**Problem statement**
Transcribe all of the data verbatim, please, and leave out its pictures.

[Items from a dataset]
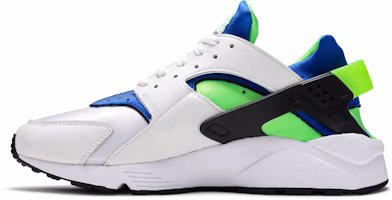 耐吉 Air Huarache 'Scream Green' 2021 DD1068-100 Lookbook 耐吉 Air Huarache 'Scream Green' 2021 DD1068-100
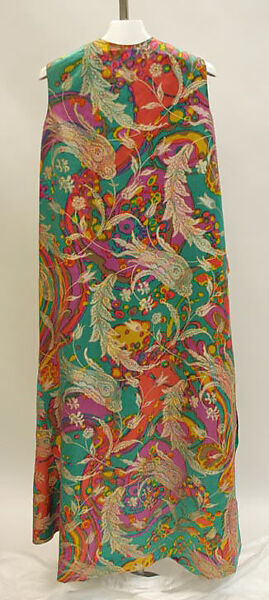 Dressing gown, Madame Grès (Germaine Émilie Krebs) (French, Paris 1903–1993 Var region), silk, French
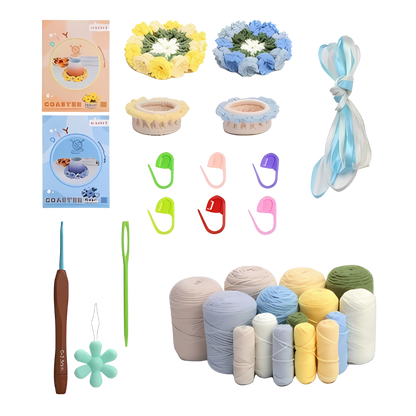 Sous-verres créatifs DIY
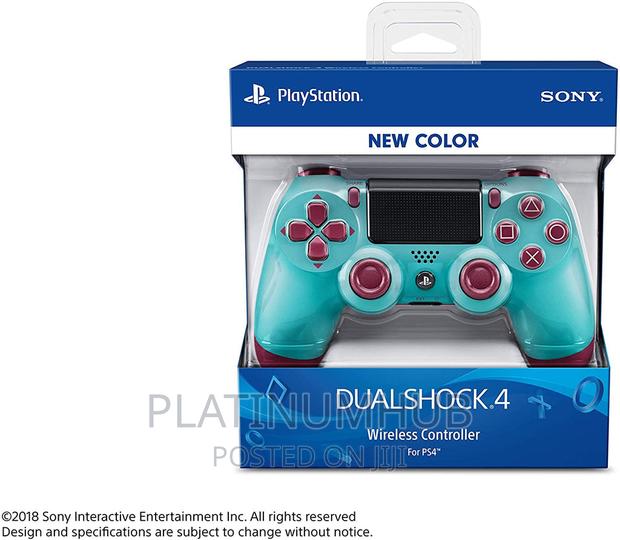 Ps4 Controller Blue Berry V6 - thumbnail 3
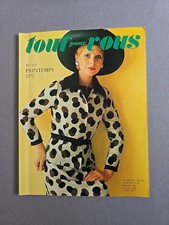 Zeitschrift Katalog Damen Mode Modelle tout pour vous 1972 , No.157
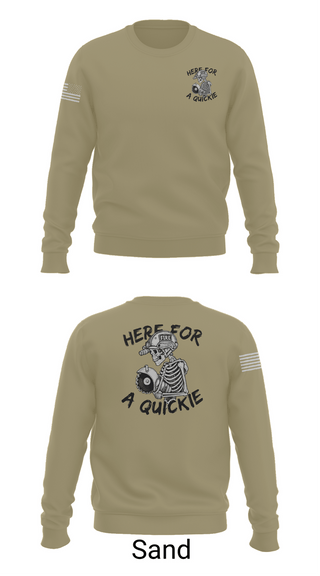 Crew Neck Sweatshirt, 812 CES, Air Force, Teamtime, Team time, sublimation, custom sports apparel, team uniforms, spirit wear, spiritwear, sports uniforms, custom shirts, team store, custom team store, fundraiser sports, apparel fundraiser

**Output of the task**
 耐吉 Air Huarache 'Scream Green' 2021 DD1068-100 Lookbook 耐吉 Air Huarache 'Scream Green' 2021 DD1068-100
 Dressing gown, Madame Grès (Germaine Émilie Krebs) (French, Paris 1903–1993 Var region), silk, French
 Sous-verres créatifs DIY
 Ps4 Controller Blue Berry V6 - thumbnail 3
 Zeitschrift Katalog Damen Mode Modelle tout pour vous 1972 , No.157
 Crew Neck Sweatshirt, 812 CES, Air Force, Teamtime, Team time, sublimation, custom sports apparel, team uniforms, spirit wear, spiritwear, sports uniforms, custom shirts, team store, custom team store, fundraiser sports, apparel fundraiser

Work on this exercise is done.